- TASK STATEMENT -
Please copy the records exactly as they appear, with all pictures left out.
[EXCERPTED RECORDS]
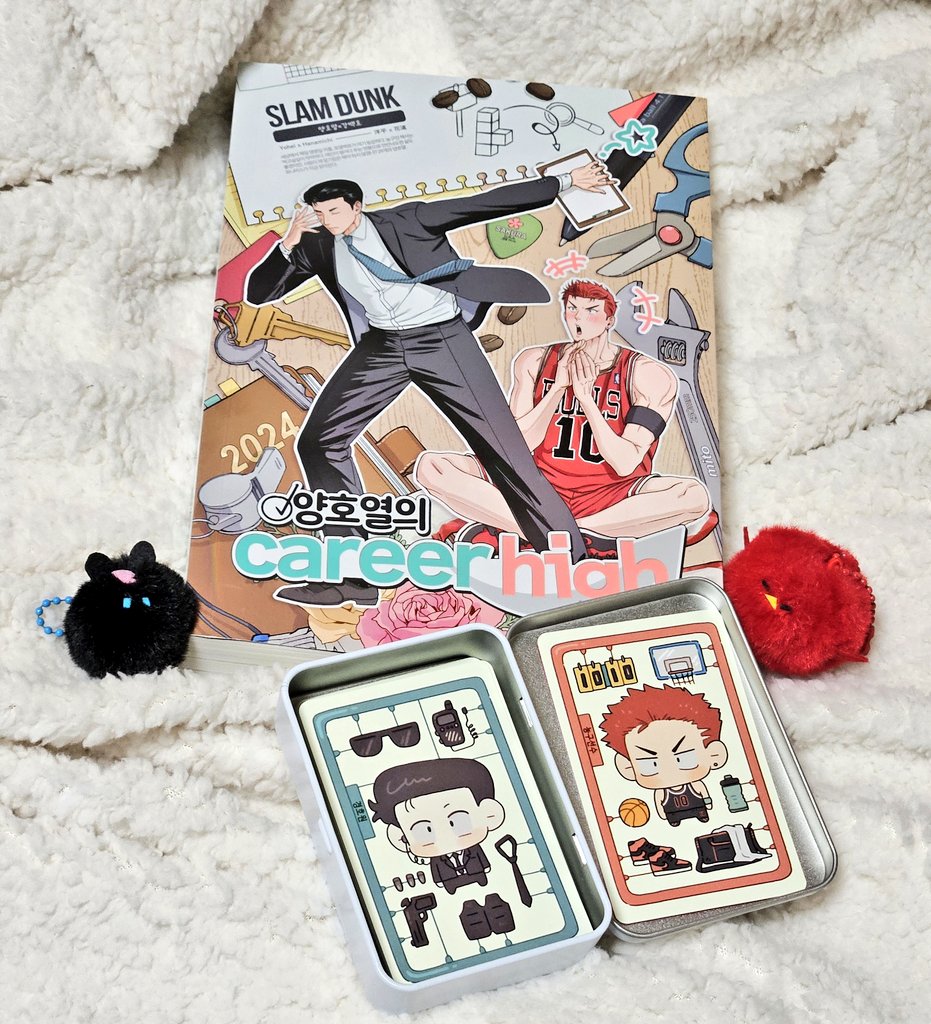 그래요 저예요 당.첨.자~힣😋

책도 즐겁게 읽었는데 이렇게 후기이벤트까지 당첨되어서 너무 기뻐요!!

틴케이스에 양자니아 카드 딱 들어가서 보관하기도 좋고 볼때마다 기분 좋아요 ㅎㅎ

참여하신 작가님들도 주최해주신 분들도 고생 많으셨어요!! 앞으로도 오래오래 함께 해요~ 😆💕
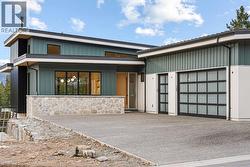 862 Predator Ridge Drive Vernon, BC V1H 1G4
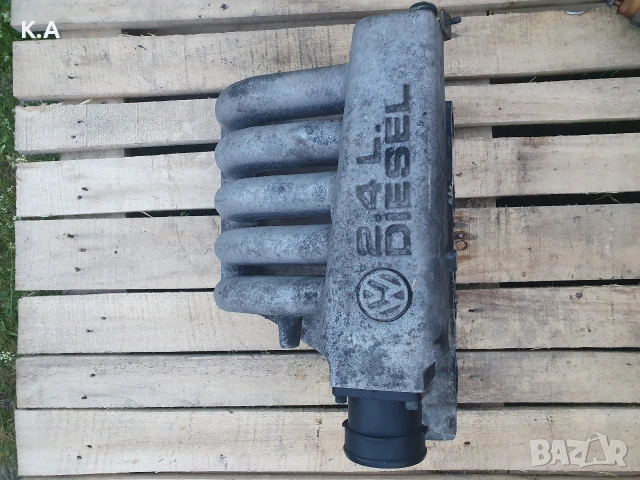 Всмукателен колектор VW Transporter T4 2.4 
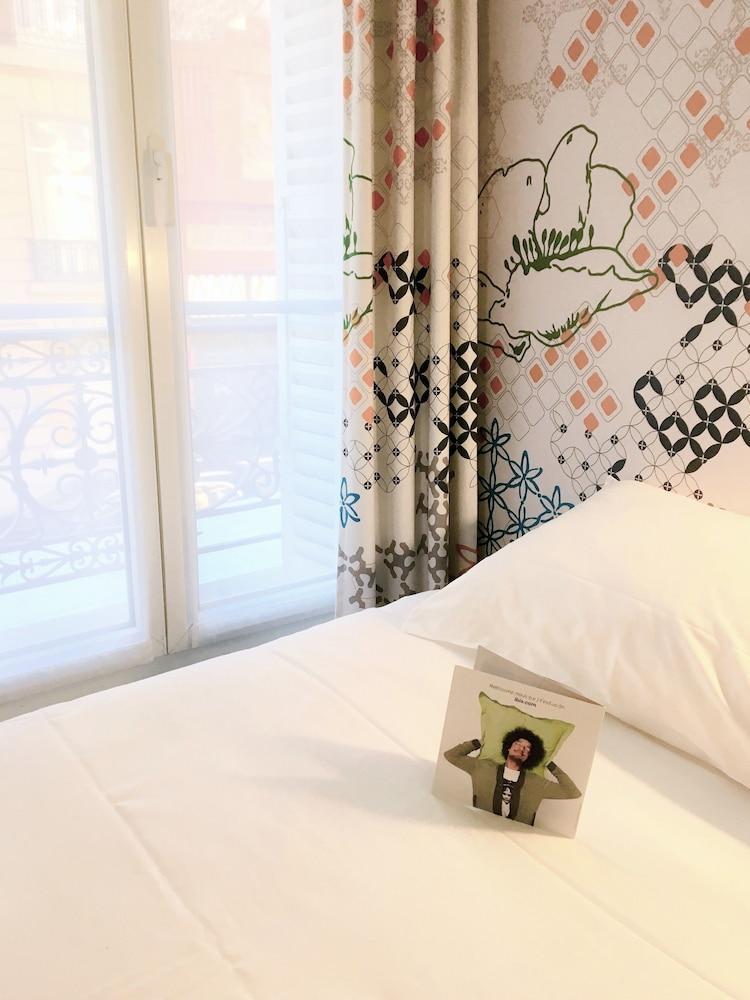 Ibis Styles Gare Saint Lazare Hotel 3*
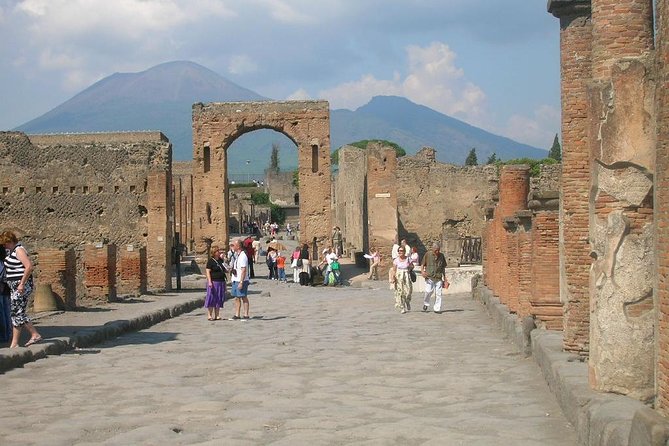 Visit in Pompeii - Pompeii Private Tour With Ada - Overview of Pompeii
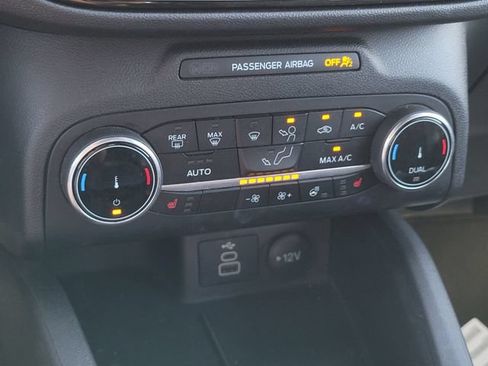 Certified 2024 Ford Escape ST-Line AWD/4WD image 16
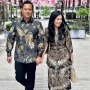 Tampil Anggun Kenakan Batik di Amerika Serikat, Annisa Pohan Padukan High Heels dengan Tas Hermes Puluhan Juta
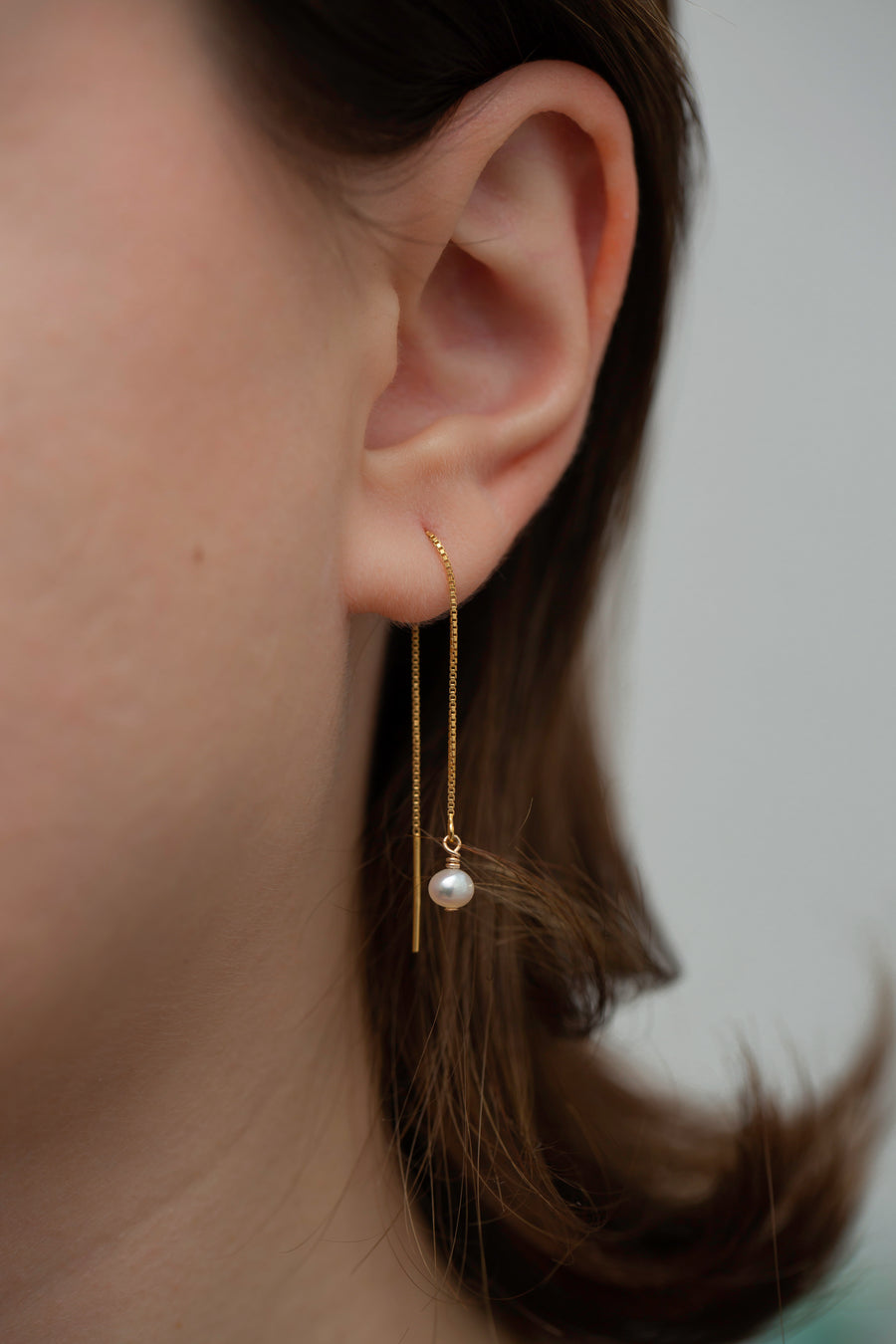 Sia Threader Pearl Earrings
[/EXCERPTED RECORDS]
- TASK ANSWER -
 그래요 저예요 당.첨.자~힣😋

책도 즐겁게 읽었는데 이렇게 후기이벤트까지 당첨되어서 너무 기뻐요!!

틴케이스에 양자니아 카드 딱 들어가서 보관하기도 좋고 볼때마다 기분 좋아요 ㅎㅎ

참여하신 작가님들도 주최해주신 분들도 고생 많으셨어요!! 앞으로도 오래오래 함께 해요~ 😆💕
 862 Predator Ridge Drive Vernon, BC V1H 1G4
 Всмукателен колектор VW Transporter T4 2.4 
 Ibis Styles Gare Saint Lazare Hotel 3*
 Visit in Pompeii - Pompeii Private Tour With Ada - Overview of Pompeii
 Certified 2024 Ford Escape ST-Line AWD/4WD image 16
 Tampil Anggun Kenakan Batik di Amerika Serikat, Annisa Pohan Padukan High Heels dengan Tas Hermes Puluhan Juta
 Sia Threader Pearl Earrings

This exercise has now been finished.